WORK ITEM:
Starting at the line that contains "OXYPRO Flapjack 70g", reproduce only the lines through the end of the data, exactly, including both the first and the last; skip the pictures.

DATA EXTRACT:

* * * * * * * * *

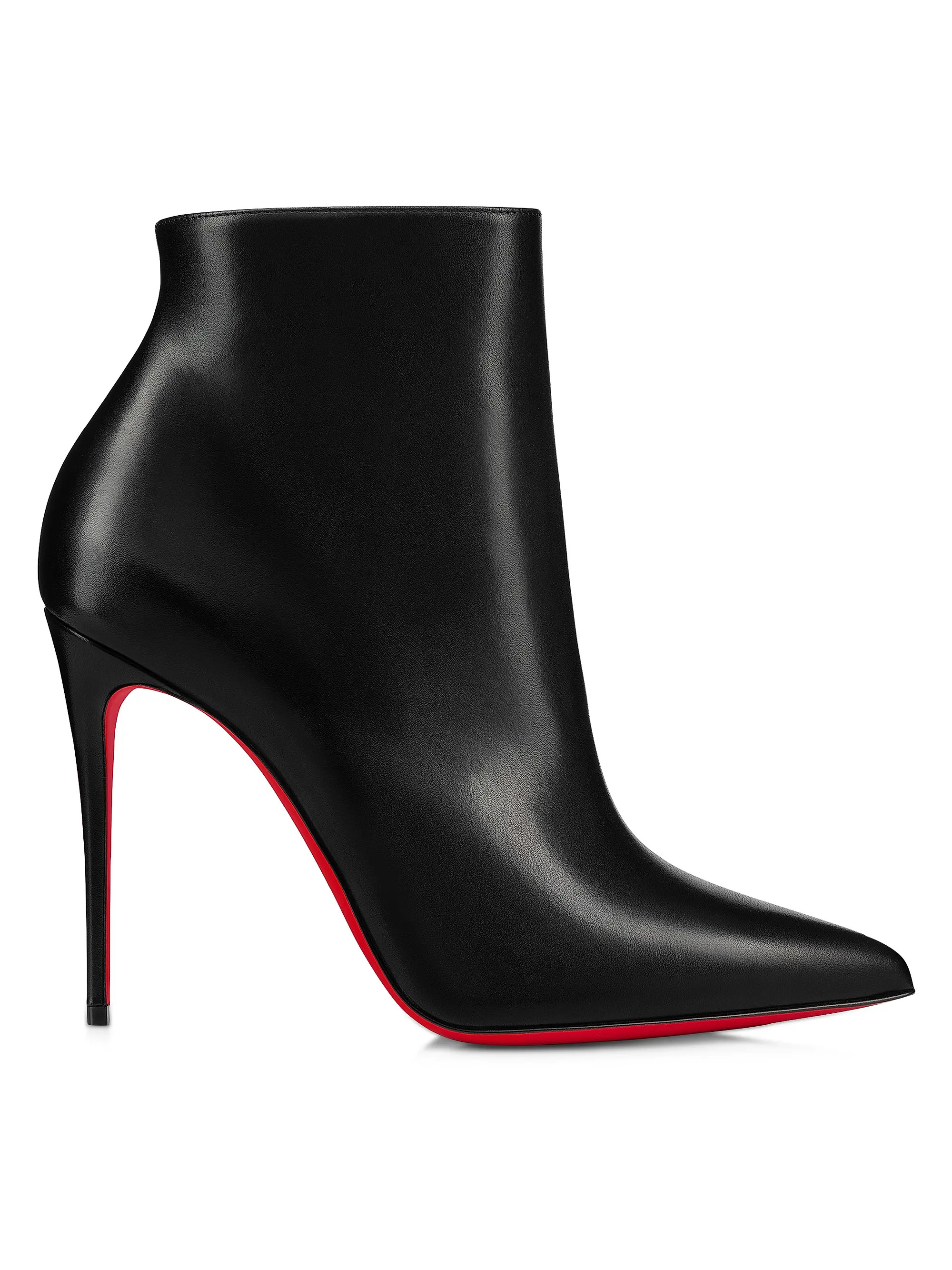 So Kate 100MM Leather Booty Booties | Saks Fifth Avenue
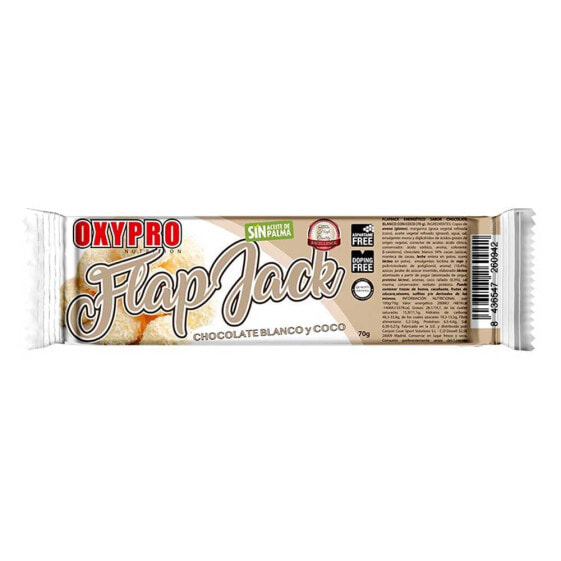 OXYPRO Flapjack 70g White Chocolate And Coconut Energy Bar 1 Unit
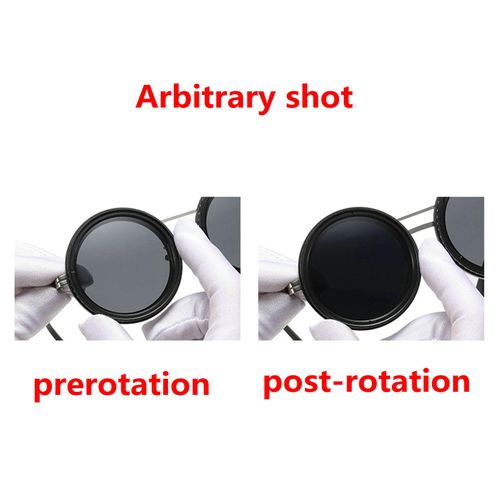 9-Speed ND Dimming Smart Sunglasses UV400 Polarized Round Frame with Adjustable Color Tone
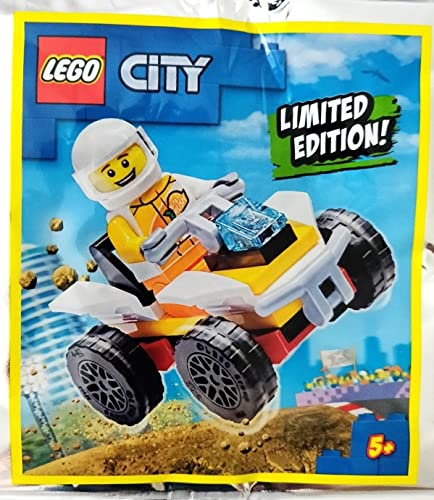 Lego City Stuntman Minifigur + Quad Bike Folien Pack Set 952108 (Beutel) von Blue Ocean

* * * * * * * * *

RESPONSE FOR THIS EXERCISE:
 OXYPRO Flapjack 70g White Chocolate And Coconut Energy Bar 1 Unit
 9-Speed ND Dimming Smart Sunglasses UV400 Polarized Round Frame with Adjustable Color Tone
 Lego City Stuntman Minifigur + Quad Bike Folien Pack Set 952108 (Beutel) von Blue Ocean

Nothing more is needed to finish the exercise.